And this time Bob treated us to a refreshing drink on our market square,
not far from the ice-cream cones we had had on Wednesday. Full circle.

Astrid propped up her camera and did the timer thing. I love it!

That evening we celebrated our "last supper" at our favorite pannenkoeken place.

And then on Sunday we drove them back to Amsterdam for their Viking River Cruise to Basel, which they just finished yesterday before flying back to Atlanta:

They said their time with us was a good appetizer. It was Peggy's first time in Europe.
And guess what WE now want to do, as soon as we are able! HA!
That Viking boat really looked nice. Only 200 passengers.

Talk about a great visit, chock-full of the things we love best! Thank you, Bob and Peggy, for coming. We still can't believe the time came and went so fast. Here's till the next time!

And to our next visitors. Who will it be?

Monday, August 22, 2011

Guilty Pleasures

It's my turn at Vision and Verb again today,
talking about those guilty pleasures that are good for our heart and well-being. Enjoy!

In the meantime, we've just come off a fabulous week with Bob and Peggy from Atlanta, our first houseguests here in the Netherlands. We picked them up at Amsterdam's Schiphol airport on Wednesday morning and dropped them off at their Viking River Boat yesterday in Amsterdam for their 8-day river cruise to Basel. How fun is that! Too bad we couldn't have stayed on board with them.

Instead, I'll now spend a week processing the many images from our delightful time together out-n-about where we live here in Gorinchem. It was special looking at everything through their eyes, as you can imagine.

Change gears now and go back to a week ago Sunday when our summer festival was ending here in the city. We had the chance to see a stained-glass exhibition held inside our Grote Kerk just two blocks down the street from us.

Yes, this church with the tilting tower....

...and full of light during the afternoon hour. I saw it all in a new way.
See how the pulpit banner, stitched, picked up on the stained-glass theme.

All the stained-glass pieces were set up on displays around the inside of the sanctuary.

Our eyes were everywhere,
even on the things that had nothing to do with stained glass.... the offering baskets bags.
They fascinate me because they're not like what I grew up with.

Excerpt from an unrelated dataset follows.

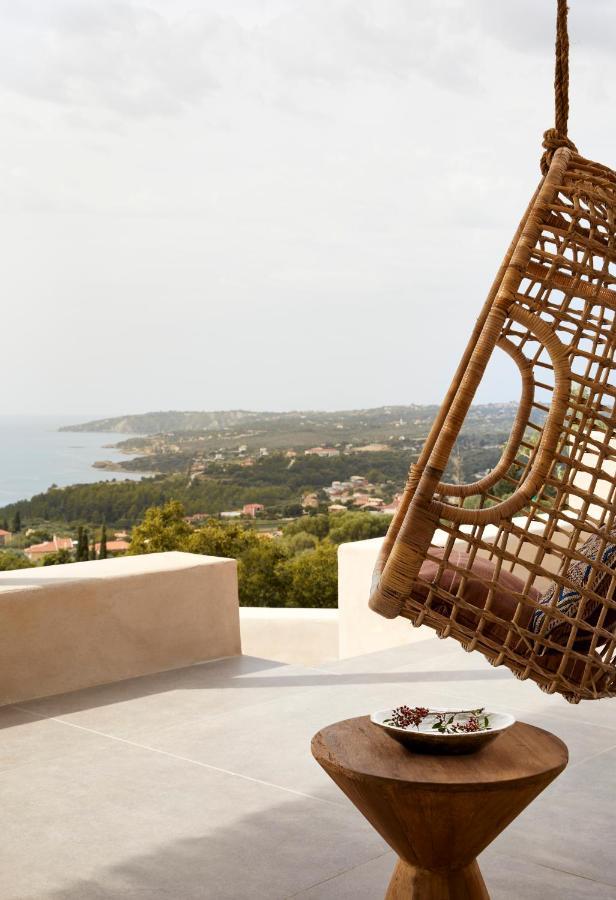 Villa Olivio - Secret Roc Villas Livathos  المظهر الخارجي الصورة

In fact, almost nothing in the church reminds me of what I grew up with!

And yes, it was a free exhibition.

The minute we walked out of the church, a concert was ending on the market square,
featuring Carel Kraayenhof, a famous Dutch bandoneon player (like an accordian).
In 2002 he played at the wedding of the Queen's son, Prince Alexander,
who married a woman from Argentina where the bandoeon is well-known.
He's been famous ever since!

Remember this fella? Yup, our fellow Lindeborger friend, Dries!
He's one of our city's newspaper photographers, always in on the action.

I love it. Small and guilty pleasures are all around us everywhere...and life is too short to miss them! More on that at Vision and Verb today....

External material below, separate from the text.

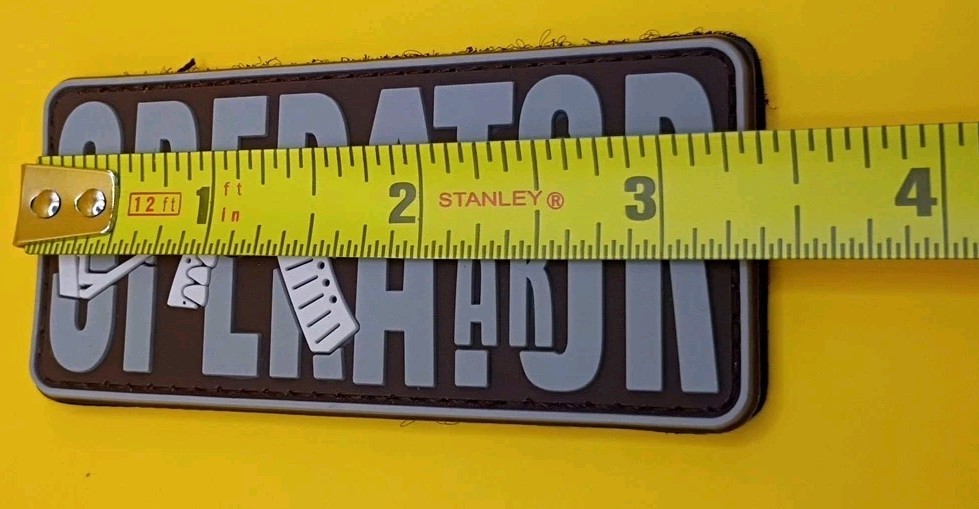 AK PVC Tactical Patch 🔥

HAPPY BIRTHDAY to sister Ruth today.
HAPPY BIRTHDAY to wife Astrid on Wednesday!

Monday, August 15, 2011

Out-n-About Again

This week, Wednesday - Sunday, we have friends Bob and Peggy coming from Atlanta to stay as our very first houseguests. Astrid is working today but will take the rest of the week off so that we can give the big tour, packing as much in as possible to show where we live.

So, after our Apeldoorn trip 3 Saturdays ago, we've basically stayed put these last two weekends, except for backyard trips near our favorite pannenkoeken restaurant out in the polder, 15km see things through their eyes. It's been fun to plan each day.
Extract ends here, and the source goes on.